18.09.05, Adams and Bradbury (eds), Medieval Women and Their Objects


Medieval Women and Their Objects is a collection of twelve essays in honor of Carolyn P. Collette edited by Jenny Adams and Nancy Mason Bradbury, with a dedication by Arlyn Diamond. Taking Collette's research on gender in medieval literature and her interest in material culture as their departure point, with a few exceptions, this volume offers essays by literary scholars discussing women's use of objects and as object in late medieval literature, specifically that of England and France. The collection is divided into three topical sections: Objects and Gender in a Material World; Buildings, Books and Women's (Self-) Fashioning; and finally, Bodies, Objects and Objects in the Shape of Bodies.

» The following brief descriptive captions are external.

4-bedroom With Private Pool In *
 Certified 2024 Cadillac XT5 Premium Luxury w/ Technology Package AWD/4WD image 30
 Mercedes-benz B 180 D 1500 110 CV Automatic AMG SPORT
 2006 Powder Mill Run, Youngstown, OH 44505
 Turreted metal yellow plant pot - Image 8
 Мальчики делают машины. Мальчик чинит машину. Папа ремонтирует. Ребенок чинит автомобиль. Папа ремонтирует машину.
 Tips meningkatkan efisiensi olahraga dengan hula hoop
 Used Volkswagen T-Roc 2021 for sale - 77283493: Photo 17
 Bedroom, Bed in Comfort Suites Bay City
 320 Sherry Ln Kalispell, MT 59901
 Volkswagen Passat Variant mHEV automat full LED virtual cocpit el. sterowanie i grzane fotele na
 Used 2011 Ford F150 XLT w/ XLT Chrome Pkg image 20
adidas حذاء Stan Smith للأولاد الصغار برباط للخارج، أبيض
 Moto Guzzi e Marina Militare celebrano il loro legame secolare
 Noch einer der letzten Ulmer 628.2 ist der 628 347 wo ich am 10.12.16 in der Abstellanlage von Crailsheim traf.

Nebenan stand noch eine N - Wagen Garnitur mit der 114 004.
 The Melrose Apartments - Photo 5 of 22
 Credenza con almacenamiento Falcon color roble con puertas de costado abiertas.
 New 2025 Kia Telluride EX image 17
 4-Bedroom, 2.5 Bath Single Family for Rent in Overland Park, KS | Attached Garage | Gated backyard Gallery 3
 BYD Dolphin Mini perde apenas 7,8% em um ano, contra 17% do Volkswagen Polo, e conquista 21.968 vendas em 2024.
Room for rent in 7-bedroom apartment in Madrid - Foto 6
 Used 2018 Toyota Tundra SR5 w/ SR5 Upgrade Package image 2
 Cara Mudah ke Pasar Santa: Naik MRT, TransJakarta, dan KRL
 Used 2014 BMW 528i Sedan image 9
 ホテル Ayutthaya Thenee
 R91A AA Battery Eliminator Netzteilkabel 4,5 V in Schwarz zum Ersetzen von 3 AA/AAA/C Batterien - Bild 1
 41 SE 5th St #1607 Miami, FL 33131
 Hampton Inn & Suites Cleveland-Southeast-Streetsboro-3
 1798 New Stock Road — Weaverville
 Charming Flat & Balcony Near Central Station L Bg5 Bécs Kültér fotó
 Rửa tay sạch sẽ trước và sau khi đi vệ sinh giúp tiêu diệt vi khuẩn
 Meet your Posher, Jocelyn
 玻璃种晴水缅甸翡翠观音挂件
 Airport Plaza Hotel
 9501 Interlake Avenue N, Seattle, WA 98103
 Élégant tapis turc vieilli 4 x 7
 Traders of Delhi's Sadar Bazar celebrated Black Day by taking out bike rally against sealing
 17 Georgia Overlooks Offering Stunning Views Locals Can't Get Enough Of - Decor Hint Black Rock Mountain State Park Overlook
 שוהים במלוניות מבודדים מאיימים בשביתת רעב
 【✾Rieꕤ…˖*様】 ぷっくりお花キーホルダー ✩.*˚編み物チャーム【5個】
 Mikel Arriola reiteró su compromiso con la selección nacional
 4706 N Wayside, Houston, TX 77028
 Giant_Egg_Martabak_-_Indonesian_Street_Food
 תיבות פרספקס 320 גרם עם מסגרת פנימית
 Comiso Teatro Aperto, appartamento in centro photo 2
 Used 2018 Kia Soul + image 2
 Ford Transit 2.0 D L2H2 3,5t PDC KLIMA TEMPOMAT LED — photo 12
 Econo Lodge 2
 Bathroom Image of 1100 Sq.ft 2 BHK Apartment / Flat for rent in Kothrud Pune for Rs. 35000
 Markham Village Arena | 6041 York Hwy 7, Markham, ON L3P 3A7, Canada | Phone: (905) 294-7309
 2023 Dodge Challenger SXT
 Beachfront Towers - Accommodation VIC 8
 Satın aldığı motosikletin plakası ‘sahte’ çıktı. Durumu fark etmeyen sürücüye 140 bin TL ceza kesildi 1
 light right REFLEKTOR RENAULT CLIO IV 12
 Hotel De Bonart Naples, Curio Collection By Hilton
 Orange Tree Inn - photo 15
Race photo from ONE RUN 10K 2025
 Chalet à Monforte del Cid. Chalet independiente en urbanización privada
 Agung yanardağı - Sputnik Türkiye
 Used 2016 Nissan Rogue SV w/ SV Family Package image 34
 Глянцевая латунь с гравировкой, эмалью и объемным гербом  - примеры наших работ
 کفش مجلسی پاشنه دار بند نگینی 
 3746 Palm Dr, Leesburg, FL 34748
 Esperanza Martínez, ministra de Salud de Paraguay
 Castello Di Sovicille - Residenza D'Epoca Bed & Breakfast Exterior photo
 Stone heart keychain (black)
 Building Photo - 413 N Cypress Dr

An introduction by the editors provides a brief overview of recent scholarship on material culture and lays out the organization of the volume. In the first section, the reader will find three essays discussing gender and objects in three of Chaucer's works. Susanna Fein examines the "Thyng Wommen Loven Moost" in "The Wife of Bath's Tale." She makes the convincing argument that Chaucer's bawdy language and sexual innuendo in Alisoun's tale is similar to women's fascination with male genitalia and their desire for sex common in the French fabliaux. Hence, she proposes approaching "The Wife of Bath's Tale" as a "hybrid genre" (16) where the materiality of physical love trumps any romantic or abstract interpretation. Like the essays offered by Lynn Staley and Jocelyn Wogan-Browne later in the volume, this essay also underscores the intersections between English and French literary cultures. The next objects under examination are those of the Queen Zenobia in "The Monk's Tale." Nancy Mason Bradbury offers a different interpretation of Zenobia's trading in of her objects representative of her rule for those associated with domestic duties. Instead of viewing this exchange as signaling subjugation, misogyny and Zenobia's decline in power, Mason Bradbury presents a more positive view, suggesting that that her new head-covering and distaff reflect a companionate marriage and Zenobia's economic productivity through spinning. Howell Chickering's "The Object of Miraculous Song in the 'Prioress's Tale,'" closes out the first section of the book. Here Chickering takes three objects that appear in the story--a corpse, an antiphon and the "mysterious greyn"--to interrogate the intersections between the material and the spiritual. He also raises the important point of considering how listening and sound shaped the audience's understanding of the poem.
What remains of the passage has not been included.